Iterate through the result items and test each QXmlItem to see if it is an atomic value or a node. If it is an atomic value, convert it to a QVariant with toAtomicValue() and switch on its variant type to handle all the atomic values your XQuery might return. The following table shows the QVariant type to expect for each atomic value type (or QXmlName):

XQuery result item type QVariant type returned
xs:QName QXmlName (see Handling QXmlNames below)
xs:integer QVariant::LongLong
xs:string QVariant::String
xs:string* QVariant::StringList
xs:double QVariant::Double
xs:float QVariant::Double
xs:boolean QVariant::Bool
xs:decimal QVariant::Double
xs:hexBinary QVariant::ByteArray
xs:base64Binary QVariant::ByteArray
xs:gYear QVariant::DateTime
xs:gYearMonth QVariant::DateTime
xs:gMonthDay QVariant::DateTime
xs:gDay QVariant::DateTime
xs:gMonth QVariant::DateTime
xs:anyURI QVariant::Url
xs:untypedAtomic QVariant::String
xs:ENTITY QVariant::String
xs:date QVariant::DateTime
xs:dateTime QVariant::DateTime
xs:time (see No mapping for xs:time below)

Handling QXmlNames

If your XQuery can return atomic value items of type xs:QName, they will appear in your QXmlResultItems as instances of QXmlName. Since the QVariant class does not support the QXmlName class directly, extracting them from QXmlResultItems requires a bit of slight-of-hand using the Qt metatype system. We must modify our example to use a couple of template functions, a friend of QMetaType (qMetaTypeId<T>()) and a friend of QVariant (qVariantValue<T>()):

     QFile xq("myquery.xq");

     QXmlQuery query;
     query.setQuery(&xq, QUrl::fromLocalFile(xq.fileName()));

     QXmlResultItems result;
     query.evaluateTo(&result);
     QXmlItem item(result.next());
     while (!item.isNull()) {
         if (item.isAtomicValue()) {
             QVariant v = item.toAtomicValue();
             switch (v.type()) {
                 case QVariant::LongLong:
                     // xs:integer
                     break;
                 case QVariant::String:
                     // xs:string
                     break;
                 default:
                     if (v.userType() == qMetaTypeId<QXmlName>()) {
                         QXmlName n = qVariantValue<QXmlName>(v);
                         // process QXmlName n...
                     }
                     else {
                         // error
                     }
                     break;
             }
         }
         else if (item.isNode()) {
             QXmlNodeModelIndex i = item.toNodeModelIndex();
             // process node
         }
         item = result.next();
     }

To access the strings in a QXmlName returned by an XQuery evaluation, the QXmlName must be accessed with the name pool from the instance of QXmlQuery that was used for the evaluation.

No mapping for xs:time

An instance of xs:time can't be represented correctly as an instance of QVariant::Time, unless the xs:time is a UTC time. This is because xs:time has a zone offset (0 for UTC) in addition to the time value, which the QTime in QVariant::Time does not have. This means that if an XQuery tries to return an atomic value of type xs:time, an invalid QVariant will be returned. A query can return an atomic value of type xs:time by either converting it to an xs:dateTime with an arbitrary date, or to an xs:string.

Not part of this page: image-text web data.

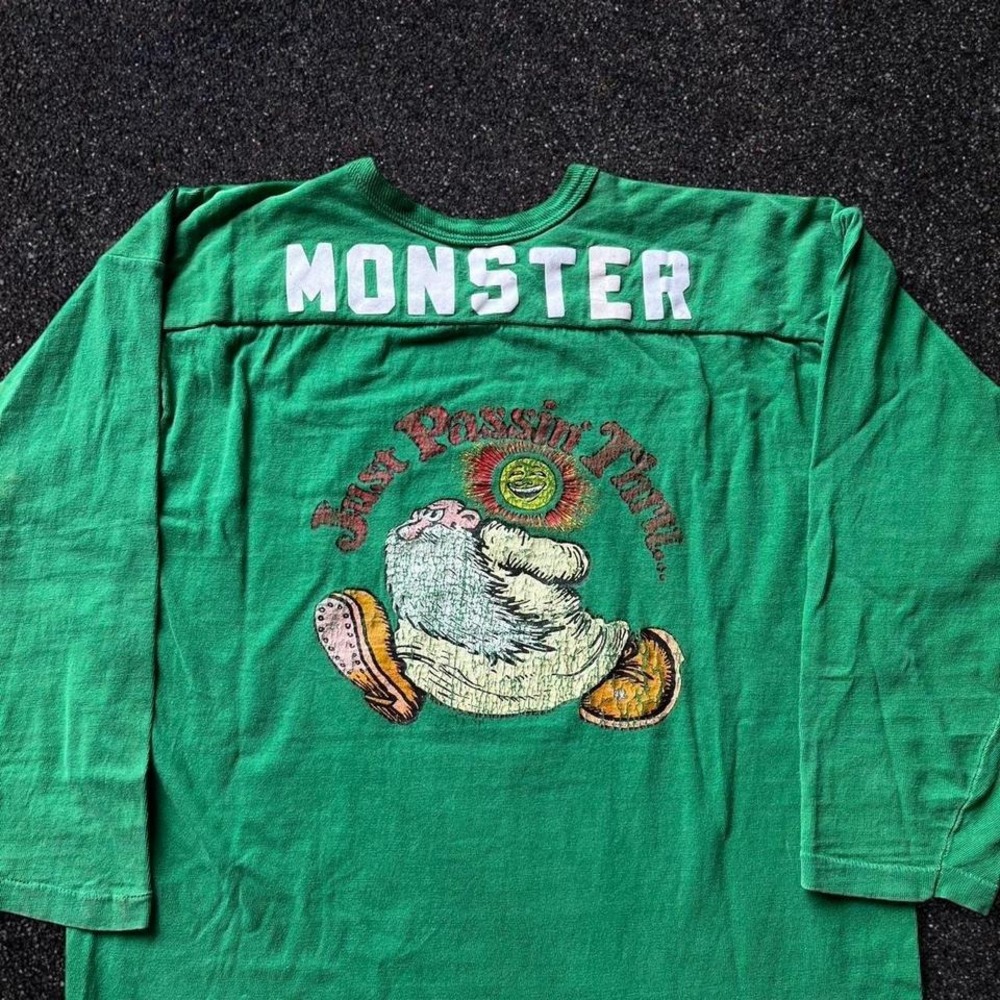 Vintage 60s Robert Crumb " Just Passin' Thru " Art Faded Distressed Shirt Large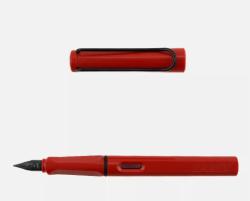 Lamy Safari Old Color Red Black Clip Dolma Kalem Seti - M uç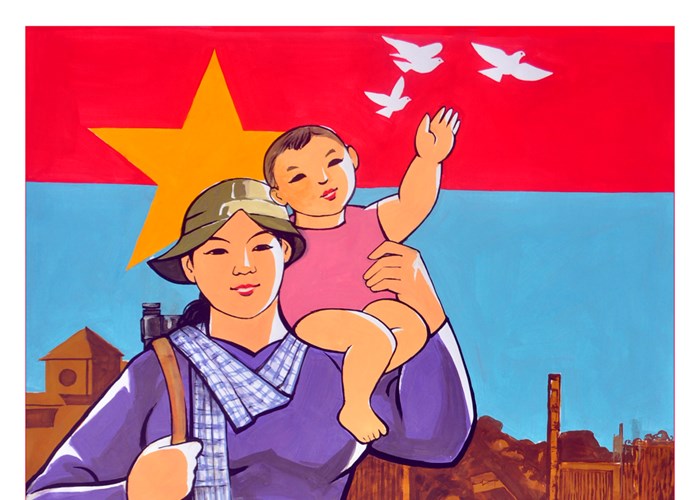 Nhiều tranh cổ động xuất sắc tuyên truyền kỷ niệm 45 năm Ngày Giải phóng miền Nam, thống nhất đất nước - Anh 6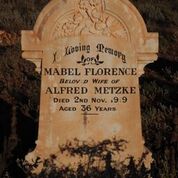 Mabel Florence METZKE Darlot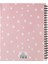 50 Yaprak Pvc Çanta Kapaklı Defter - Pembe - 21X17 cm 3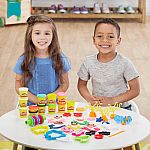Play-Doh Pinkfong Baby Shark Set with 12 Play-Doh Cans and 21 Tools $9
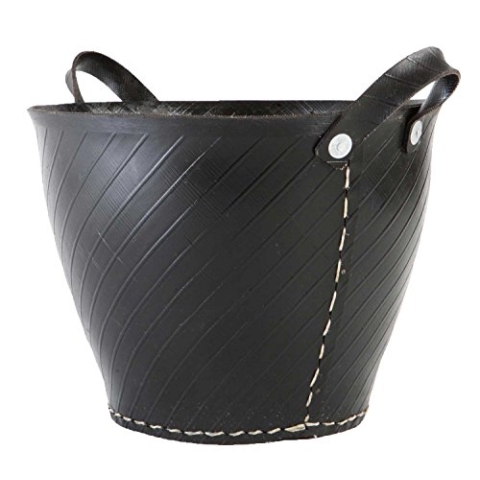 Holzkorb "REIFEN", ? 50 cm, schwarz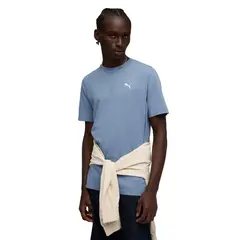 PUMA - Camisa Deportiva Original Wardrobe Ess Azul Para Hombre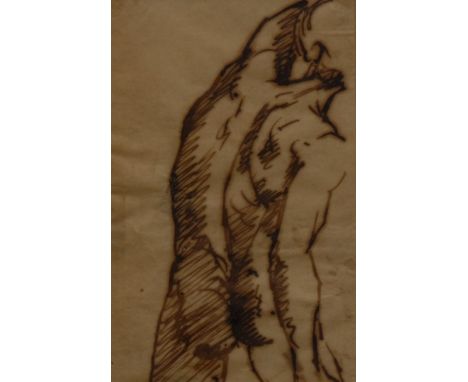 Italian Old Master School (17th/18th century)Study of the Male Torsopen and ink on paper, 18cm x 11cm  Condition Report: Some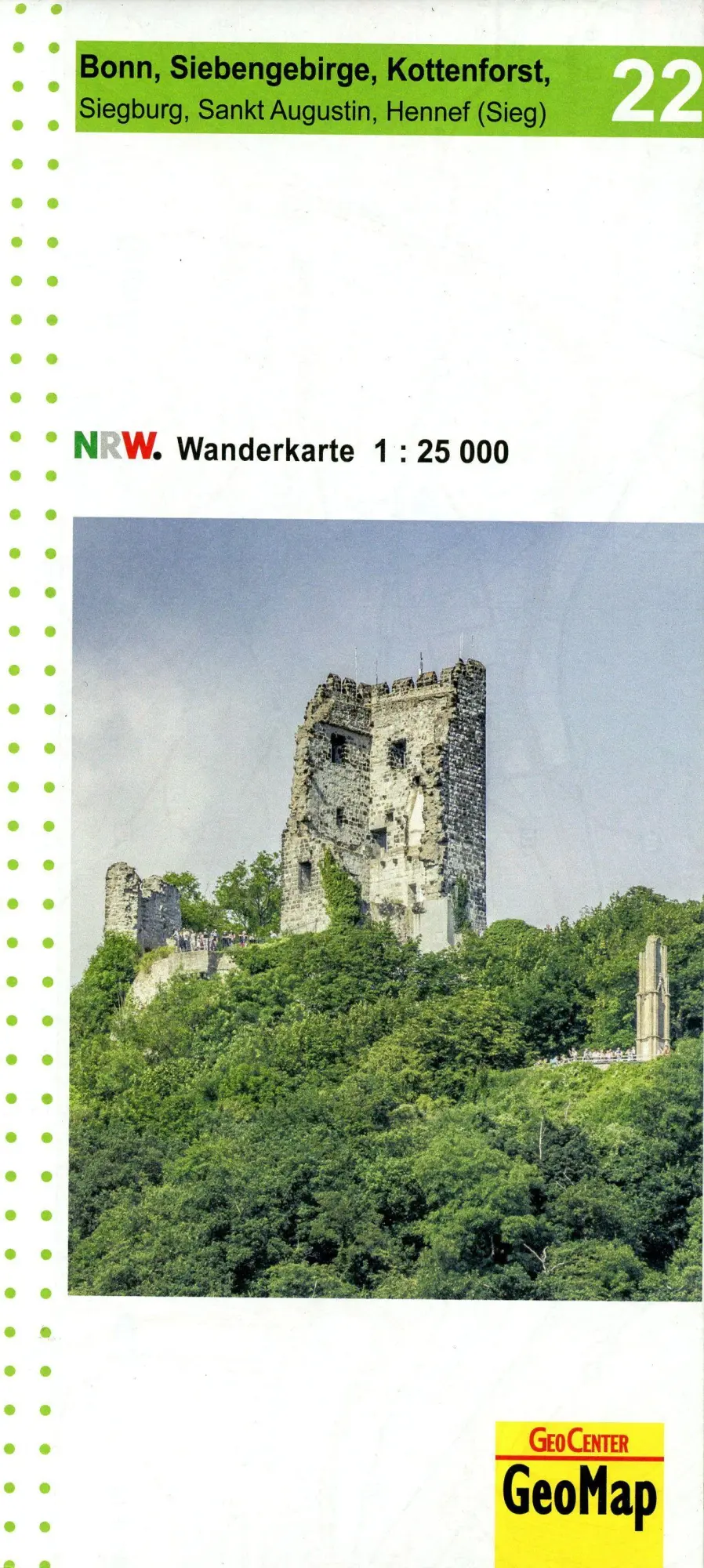 Cover: 9783959650519 | Bonn, Siebengebirge und Kottenforst Blatt 22 topographische...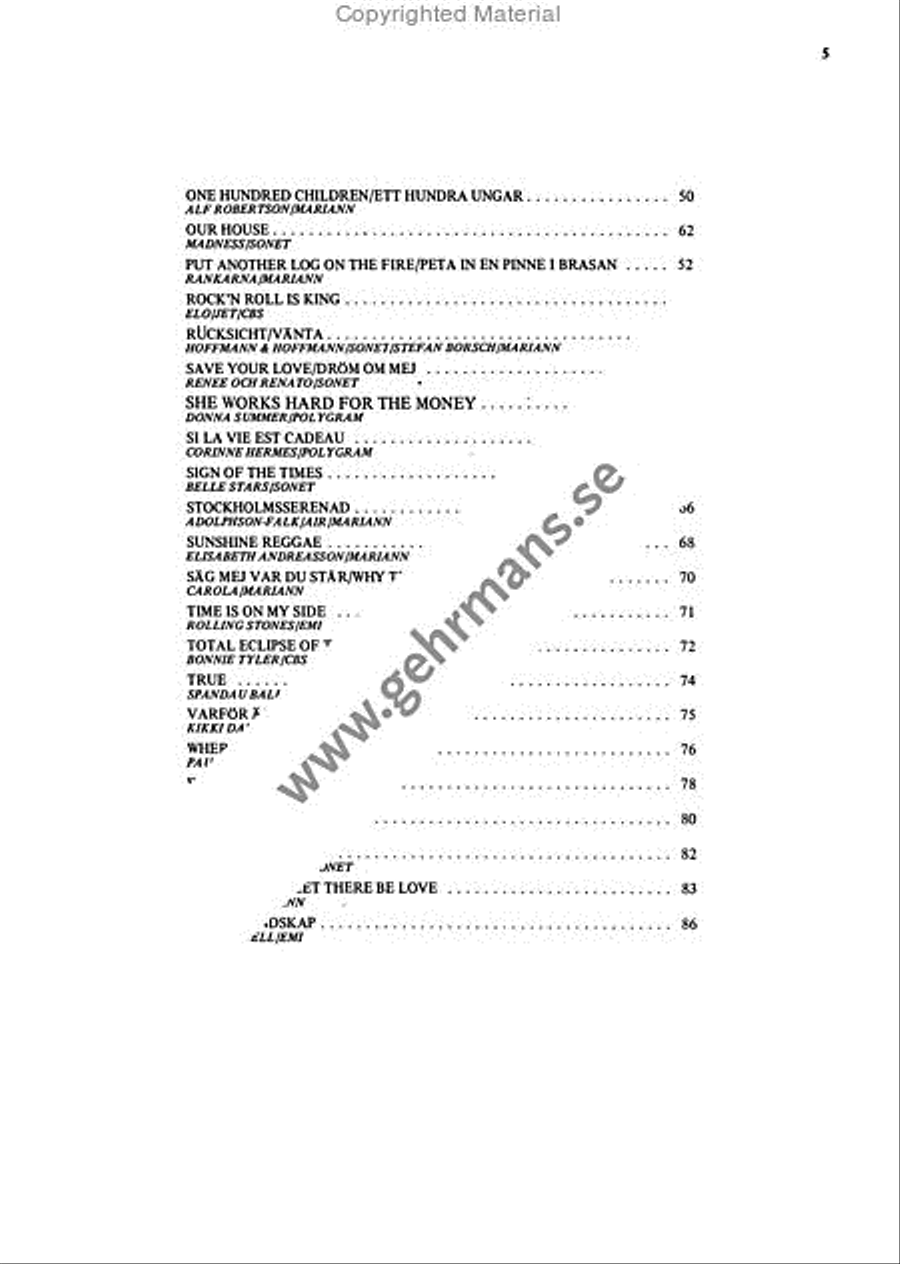 Pop 83 Piano, Vocal, Guitar scores gallery preview page 3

Using XQuery with Non-XML Data

Although the XQuery language was designed for querying XML, with QtXmlPatterns one can use XQuery for querying any data that can be modeled to look like XML. Non-XML data is modeled to look like XML by loading it into a custom subclass of QAbstractXmlNodeModel, where it is then presented to the QtXmlPatterns XQuery engine via the same API the XQuery engine uses for querying XML.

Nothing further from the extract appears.